We should probably clarify, though: it's not us doing the bashing, it's Paul Murphy over at LinuxInsider (as pointed out by faithful viewer Sleeper)-- and actually, he's not doing any explicit bashing, either. But before you give up on this whole thing as a waste of time and resort to looking up ways to insult your Windows-user cohorts in Icelandic at Swearsaurus, check out what Paul did: in an attempt to quantify whether Windows users were any less intelligent than Mac users, he fed a bunch of text from Windows- and Mac-centric web sites into a UNIX-based text-processing utility called "style," which allegedly "produces readability metrics on text."
Now, assuming that you accept the premise that someone's "ability to read and write his or her native language" is a reasonable criterion by which to judge his or her intelligence, then the results are, at the very least, interesting if not necessarily conclusive. The highest set of readings Murphy provides as an example come from Henry James's The Golden Bowl and include something called a "Kincaid" score of 18.2 and a "Lix" mark of "64.4 = higher than school year 11." Another set of readings comes from articles in the respected publication The Christian Science Monitor (Kincaid: 10.4, Lix: 48.8 = school year 9). Now, compare those to a sample of Windows user text-- the scores of "reader comments hosted by PC Magazine" (Kincaid: 5.9, Lix: 32.3 = below school year 5) and "an MSN forum host" (Kincaid: 2.9, Lix: 21.5 = below school year 5).
That looks like a pretty wide gulf to us-- but why wouldn't it be? After all, readers posting to web sites aren't generally expected to hold themselves to the same standards as professional news publications and novelists writing for publication. But now consider the scores from "reader comments hosted by the MacInTouch site": Kincaid: 8.9, Lix: 40.5 = school year 6-- and the other five metrics given (ARI, Coleman-Liau, etc.) are generally much higher for the Mac sample versus the Windows samples. Granted, most MacInTouch readers probably aren't going to be writing for the Monitor or publishing psychological novels with themes of intense alienation anytime soon, but the difference between the Mac and Windows samples is clearly noticeable.

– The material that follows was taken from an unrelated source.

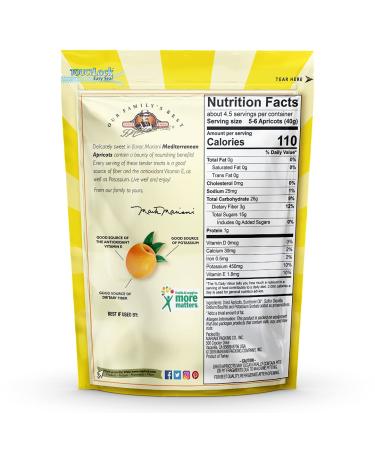 Mariani Dried Apricots - No Sugar Added, Gluten Free, Vegan, Non-GMO Healthy Snacks (6oz, Pack of 4) - Buy Online on GoSupps.com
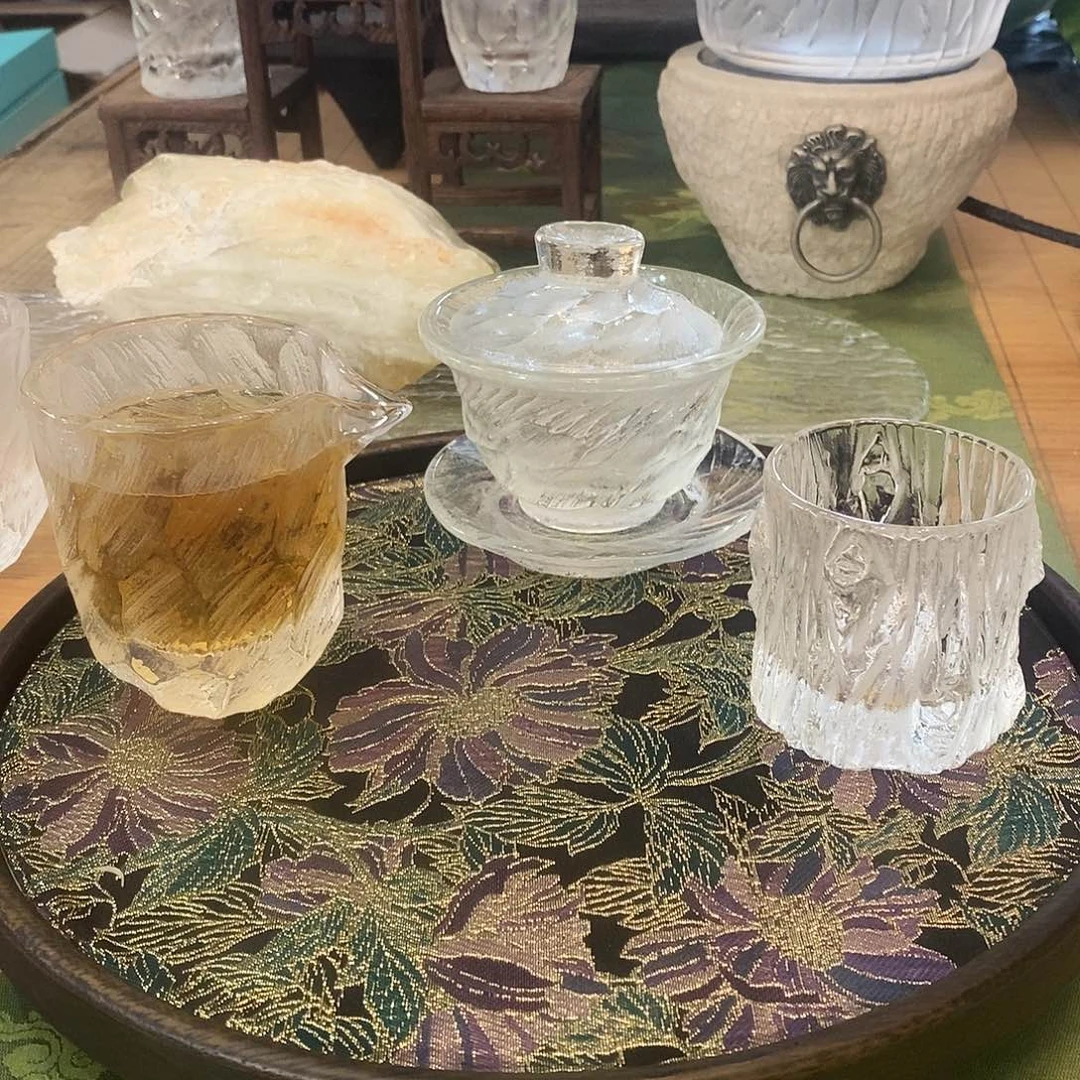 琉璃手工艺品盖碗+鹰嘴+树桩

We should stress that we know absolutely nothing about what these metrics generated by the "style" utility are in the first place ("Fox Index"? "SMOG-grading"? Is this text-processing or some sort of meteorological app?) or what validity they possess; indeed, Murphy himself suggests that "you don't take any of it too seriously" because plenty of smart people claim that these readability scores are "meaningless." Then again, plenty of other smart people disagree, so it's up to you how you'd like to interpret the results-- especially since, as Mac users, you're obviously smart people yourselves. Right?